BECAS
ONTIVERO Roberto Emanuel
congresos y reuniones científicas
Título:
Maximum entropy approach as a tool to predict arbuscular mycorrhizal fungi (AMF) distribution in soils of Argentinean Puna
Autor/es:
NEPOTE VALENTIN, DAVIDE; VOYRON, SAMUELE; SOTERAS, FLORENCIA; ONTIVERO, R EMANUEL; IRIARTE, HEBE J.; GIOVANNINI, ANDREA; RISIO ALLIONE, LUCÍA; LUMINI, ERICA; LUGO, MÓNICA A.
Lugar:
Leticia
Reunión:
Simposio; III International Symposium on Mycorrhizal Symbiosis in South America; 2023
Institución organizadora:
UNAL - SINCHI
Resumen:
The biogeographic region of Argentinean Puna extends at elevations higher than 3,000 m within the Andean Plateau and hosts diverse ecological communities adapted to aridity, low temperatures and poorly evolved soils.
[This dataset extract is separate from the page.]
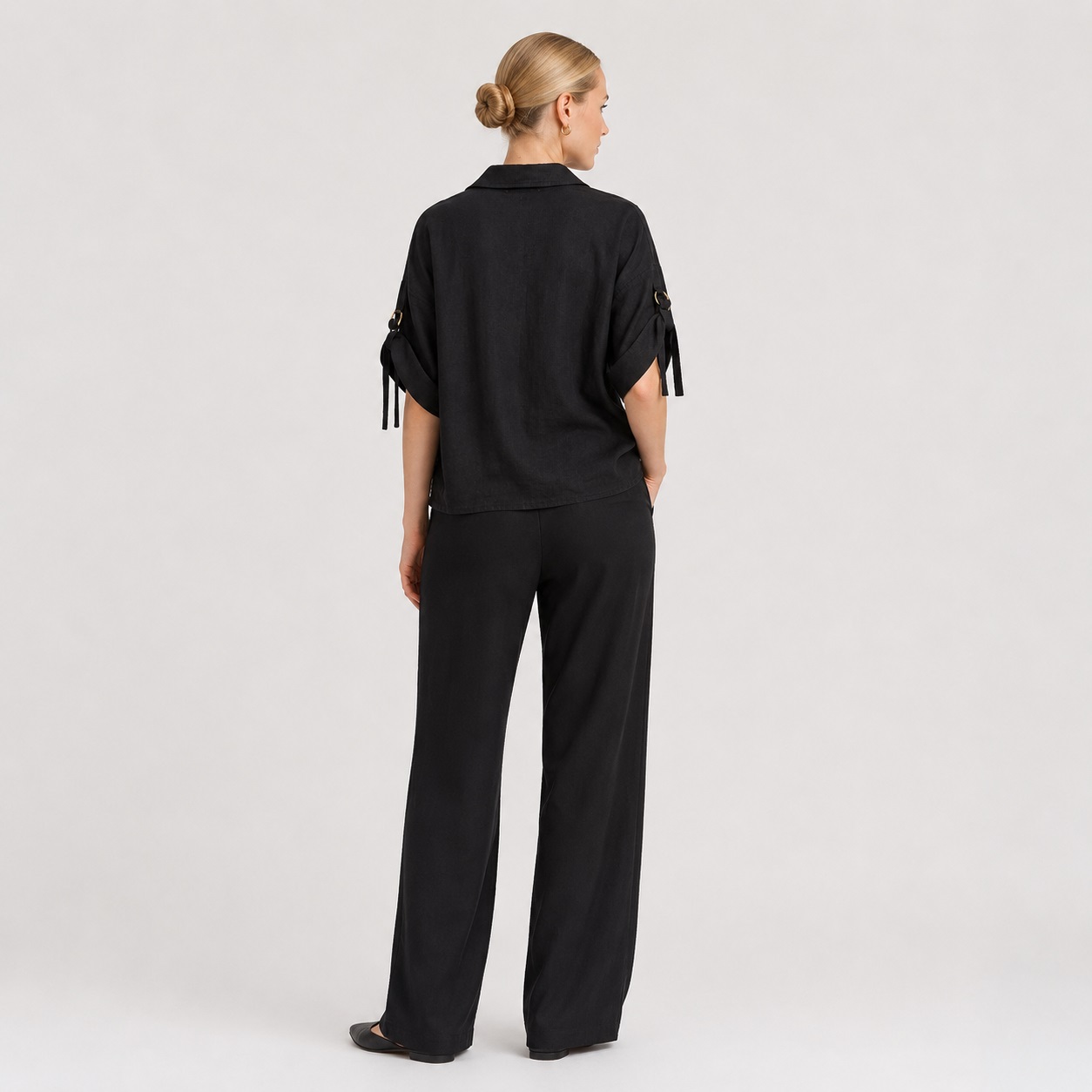 Michael Kors - Black Linen Hidden Button Shirt - Image 5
Geomorphology is shaped by drainage networks, often resulting in hypersaline endorheic basins known as salar. Local communities rely on soil fertility for agricultural practices and on pastures for livestock rearing. Exploring the scarcely studied microbiological diversity of these soils as indicators of ecosystems functioning might help to predict the fragility of these harsh environments. In this study we collected 28 soil samples from three typical landscapes: Puna grassland, hypersaline salar and family-run cropfields. Total fungi and AMF occurrence were analyzed using eDNA metabarcoding sequencing. We performed Species Distribution Modeling (SDM) within an environmental coherent area to predict AMF suitability in the different macro-habitats. Through a maximum entropy approach, we created maps of environmental suitability for AMF distribution. The SDM predicted lower suitabilities in hypersaline salar areas, while grassland habitats and a wider range of temperature seasonality were significantly related to AMF enrichment.To assess the impact of farming on AMF occurrence (extremely abundant in cropfields), we set a new model excluding the cultivated areas. We observed that if the cultivated areas had remained unmanaged, the large-scale soil features and local bioclimatic constraints would likely have led to lower AMF suitability. Using SDM we evidenced the influence of bioclimatic, edaphic and anthropogenic factors in shaping AMF occurrence. Additionally, we highlighted the relevance of human activities in accurately predicting AMF distribution.